A controversial aspect of regulation is the prohibition against local governments regulating or taxing the recreational marijuana industry. Stephenson believes such regulations would create environments where illegal providers could thrive, and the bill has been crafted with an eye toward reducing illegal activities. Municipalities could restrict hours of operation and locations of dispensaries. A group representing cities in the seven-county Twin Cities area wants cities to have the right to license retailers and to be able to ban sales in their jurisdictions.
Those hoping that marijuana legalization could bring a tax revenue boon may be somewhat disappointed by the impact of the proposed bill, which would impose an eight-percent tax on sales on top of the already existing retail sales tax. Lawmakers expect that would cover the costs of the new state program to regulate cannabis, but won’t provide the kind of tax windfall some states have experienced.
All farming and processing of recreational marijuana sold in Minnesota would have to be done in-state, and the bill provides advantages in licensing and grants to veterans, residents of areas with a history of high law enforcement of cannabis related crimes, and residents of areas with high levels of poverty in an attempt to address social equity issues. The Office of Cannabis Management would have a division of social equity dedicated to make sure that people and communities that have suffered the most from the prohibition of marijuana will have equal access to benefit from its legalization.
When could it happen
The bill will have to run the gauntlet of nearly a dozen House committees because of the scope of agencies and activities it will affect, with each providing opportunities for opponents of the bill to register their objections.
The most notable public opponent is Minnesotans Against Marijuana Legislation (MAML), a coalition whose members include the Minnesota Police and Peace Officers Association, the Minnesota Sheriff’s Association, the Minnesota Trucking Association, the Minnesota School Bus Operators Association, the Minnesota Safety Council, and the Minnesota Catholic Conference. MAML believes legalization of marijuana causes widespread costs and societal harms linked to increases in homelessness, increases in government spending, increased public health costs, loss of productivity, increases in crime and violence, loss of potential, workplace safety costs, rising business cost, decreased roadway safety and increases in housing costs. These are similar to the arguments advanced against the bill by legislative Republicans.
Should the bill be passed and signed by Gov. Walz, most of the provisions would take effect July 1, but that does not mean that recreational marijuana would be legal then.
The new state agency would have to be formed, officials appointed, the rules-writing process initiated. Former state Rep. Ryan Winkler, the prime sponsor of the 2021 bill that the current bill is patterned after, said he thinks it will take a minimum of 12 months for all that to take place.

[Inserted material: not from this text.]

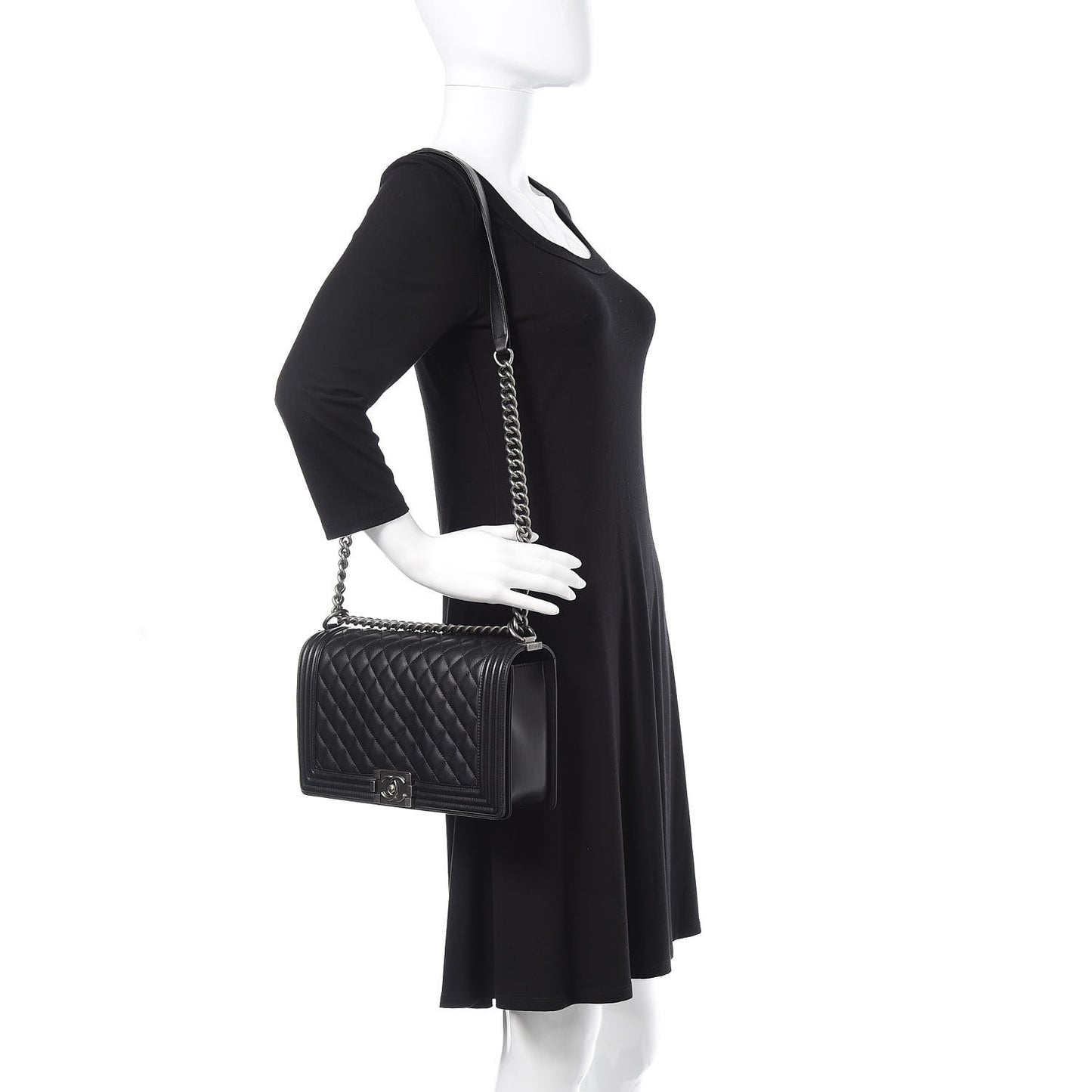 Lambskin Quilted New Medium Boy Flap Black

Once regulations are in place, producers would have to be licensed before they could begin growing a crop that takes up to nine months to mature. Processing, inspection, testing and distribution would follow. That makes it probable that products would not be available for sale until sometime in 2025, Winkler estimated. Hemp-edibles regulation under the new agency would be impacted by stricter regulations and licensing.